Number of favourable outcomes = 30 − 10 = 20

∴ P(getting a number not divisible by 3) = P(E₁) = $\frac{\mathrm{Number}\mathrm{of}\mathrm{outcomes}\mathrm{favourable}\mathrm{to}{\mathrm{E}}_1}{\mathrm{Number}\mathrm{of}\mathrm{all}\mathrm{possible}\mathrm{outcomes}}$
= $\frac{20}{30}=\frac{2}{3}$

Thus, the probability that the number on the card is not divisible by 3 is $\frac{2}{3}$.

(ii) ​Let E₂ be the event of getting a prime number greater than 7.

Out of these numbers, prime numbers greater than 7 are 11, 13, 17, 19, 23 and 29.

Number of favourable outcomes = 6

∴ P(getting a prime number greater than 7) = P(E₂) = $\frac{\mathrm{Number}\mathrm{of}\mathrm{outcomes}\mathrm{favourable}\mathrm{to}{\mathrm{E}}_2}{\mathrm{Number}\mathrm{of}\mathrm{all}\mathrm{possible}\mathrm{outcomes}}$
= $\frac{6}{30}=\frac{1}{5}$

Thus, the probability that the number on the card is a prime number greater than 7 is $\frac{1}{5}$.

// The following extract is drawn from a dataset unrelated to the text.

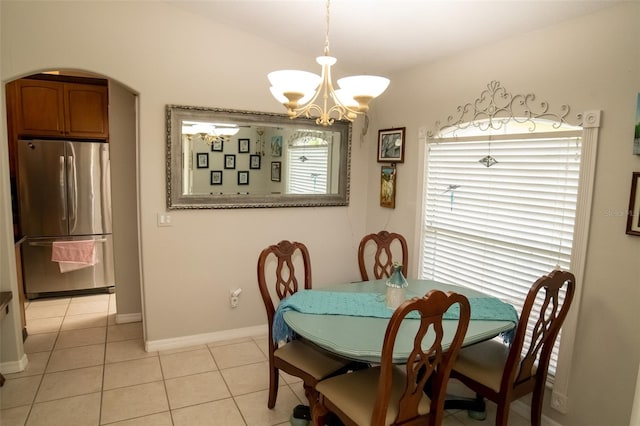 dining space featuring a chandelier, light tile patterned floors, and plenty of natural light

(iii) ​Let E₃ be the event of getting a number which is not a perfect square number.

Out of these numbers, perfect square numbers are 1, 4, 9, 16 and 25.

Number of favourable outcomes = 30 − 5 = 25

∴ P(getting non-perfect square number) = P(E₃) = $\frac{\mathrm{Number}\mathrm{of}\mathrm{outcomes}\mathrm{favourable}\mathrm{to}{\mathrm{E}}_3}{\mathrm{Number}\mathrm{of}\mathrm{all}\mathrm{possible}\mathrm{outcomes}}$
= $\frac{25}{30}=\frac{5}{6}$

Thus, the probability that the number on the card is not a perfect square number is $\frac{5}{6}$.